[Records from a collection]
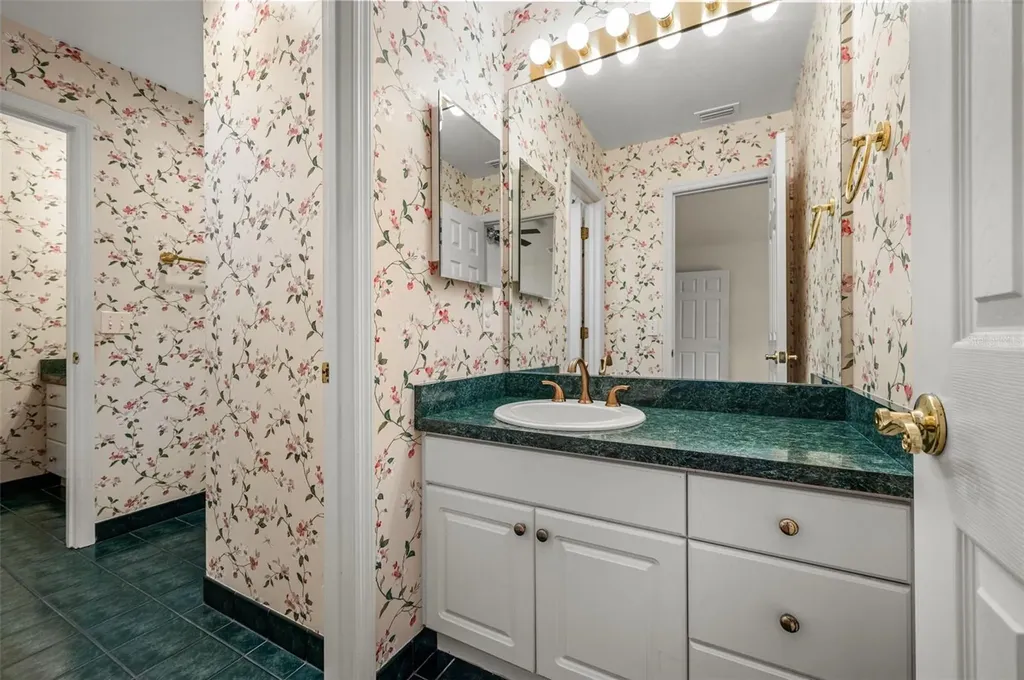 3627 NW 33rd Terrace Gainesville FL 32605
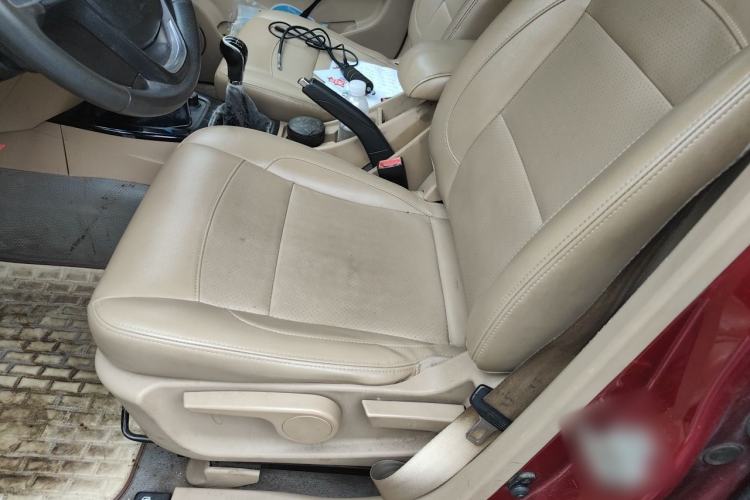 Used Wuling Hongguang 2014 1.5L S Luxury Model Left Front Seat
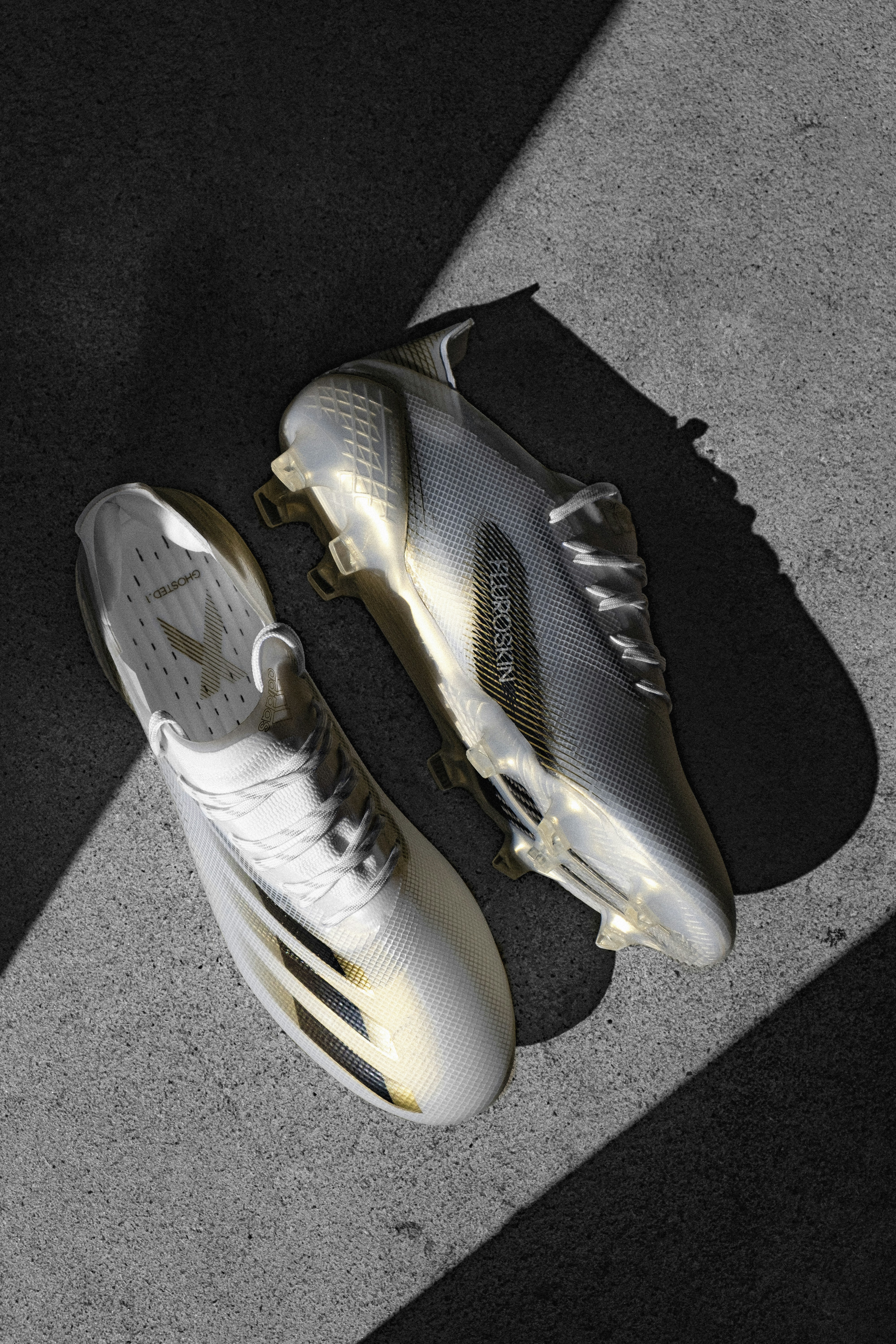 Merek Sepatu Bola Terbaik di Indonesia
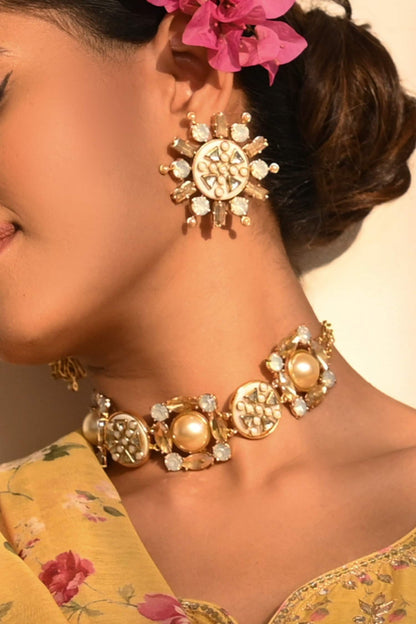 Rubaina Kundan Stud Earrings 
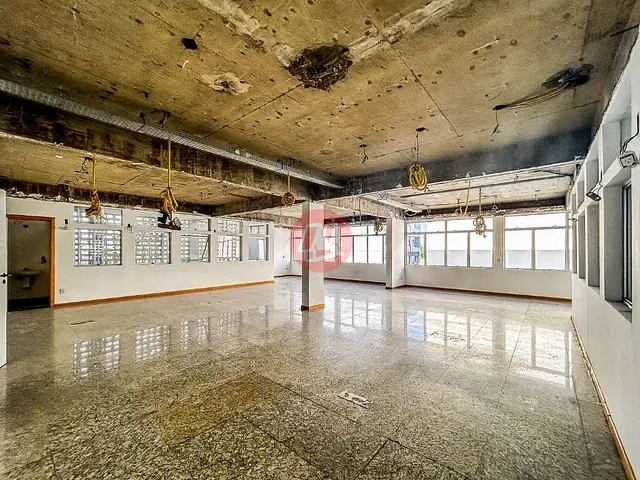 Prédio com 2000m², à venda ou para alugar, no bairro Petrópolis em Porto Alegre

# What needs to be done
Restate the entries above word for word, keeping pictures out of the copy.

# Output for this exercise
 3627 NW 33rd Terrace Gainesville FL 32605
 Used Wuling Hongguang 2014 1.5L S Luxury Model Left Front Seat
 Merek Sepatu Bola Terbaik di Indonesia
 Rubaina Kundan Stud Earrings 
 Prédio com 2000m², à venda ou para alugar, no bairro Petrópolis em Porto Alegre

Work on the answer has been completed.